At the creation of the world seven equally eternal qualities, source-spirits or nature-forms, are distinguished in the divine nature. First comes desire as the contractile, tart quality or pain, from which proceed hardness and heat; next comes mobility as the expansive, sweet quality, as this shows itself in water. As the nature of the first was to bind and the second was fluid, so they both are combined in the bitter quality or the pain of anxiety, the principle of sensibility. (Contraction and expansion are the conditions of perceptibility.) From these three forms fright or lightning suddenly springs forth. This fourth quality is the turning-point at which light flames up from darkness and the love of God breaks forth from out his anger; as the first three, or four, forms constitute the kingdom of wrath, so the latter three constitute the kingdom of joy. The fifth quality is called light or the warm fire of love, and has for its functions external animation and communication; the sixth, report and sound, is the principle of inner animation and intelligence; the seventh, the formative quality, corporeality, comprehends all the preceding in itself as their dwelling.

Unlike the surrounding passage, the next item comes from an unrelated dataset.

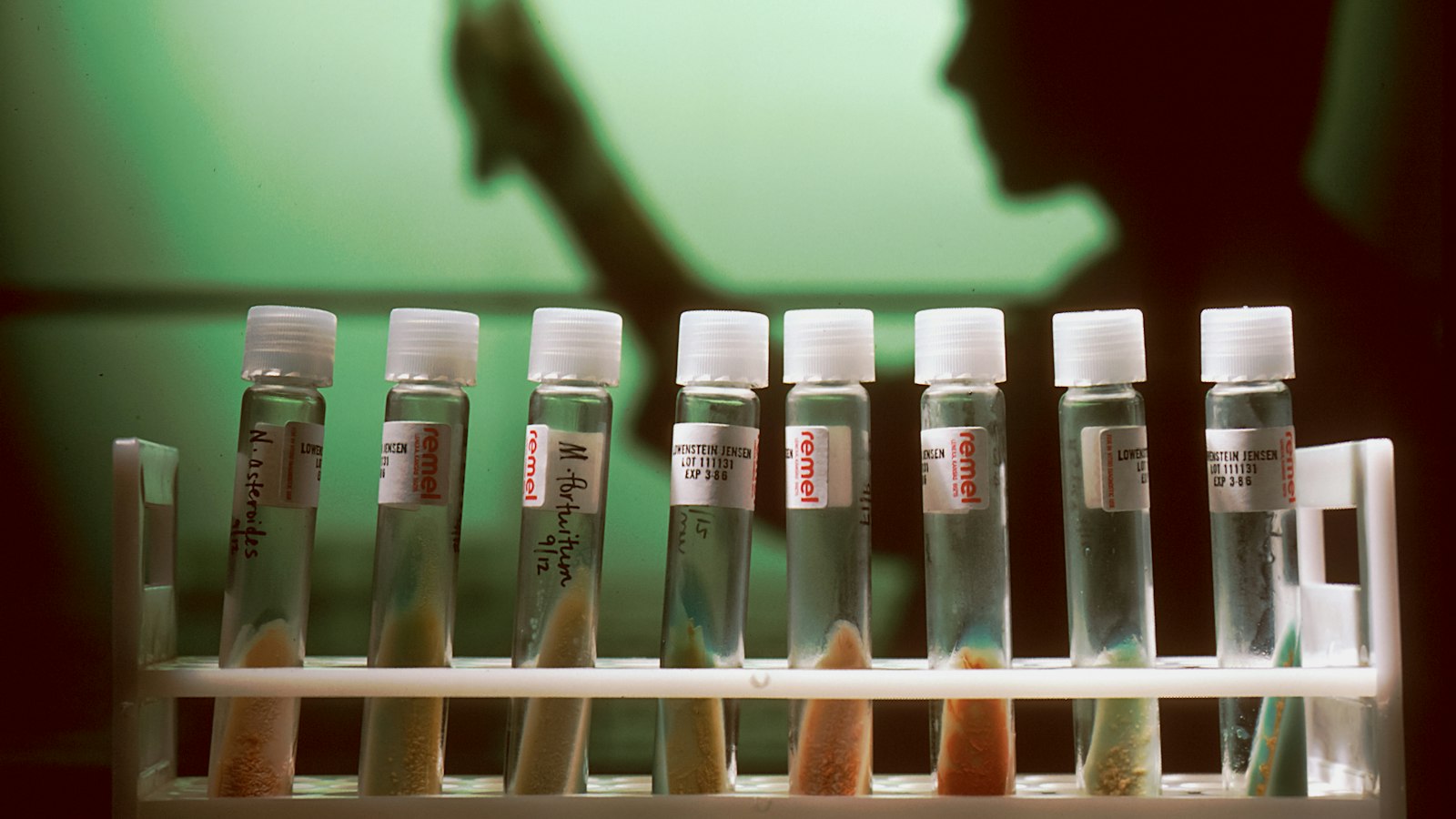 Rack of sealed research sample tubes in a laboratory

The dark fire of anger (the hard, sweet, and bitter qualities) and the light fire of love (light, report, and corporeality), separated by the lightning-fire, in which God's wrath is transformed into mercy, stand related as evil and good. The evil in God is not sin, but simply the inciting sting, the principle of movement; which, moreover, is restrained, overcome, transfigured by gentleness. Sin arises only when the creature refuses to take part in the advance from darkness to light, and obstinately remains in the fire of anger instead of forcing his way through to the fire of love. Thus that which was one in God is divided. Lucifer becomes enamored of the tart quality (the centrum naturae or the matrix) and will not grow into the heart of God; and it is only after such lingering behind that the kingdom of wrath become a real hell. Heaven and hell are not future conditions, but are experienced here on earth; he who instead of subduing animality becomes enamored of it, stands under the wrath of God; whereas he who abjures self dwells in the joyous kingdom of mercy. He alone truly believes who himself becomes Christ, who repeats in himself what Christ suffered and attained.

The creation of the material world is a result of Lucifer's fall. Boehme's description of it, based on the Mosaic account of creation, may be passed without notice; similarly his view of cognition, familiar from the earlier mystics, that all knowledge is derived from self-knowledge, that our destination is to comprehend God from ourselves, and the world from God. Man, whose body, spirit, and soul hold in them the earthly, the sidereal, and the heavenly, is at once a microcosm and a "little God."

Under the intractable form of Boehme's speculations and amid their riotous fancy, no one will fail to recognize their true-hearted sensibility and an unusual depth and vigor of thought. They found acceptance in England and France, and have been revived in later times in the systems of Baader and Schelling.

%7. The Foundation of Modern Physics%.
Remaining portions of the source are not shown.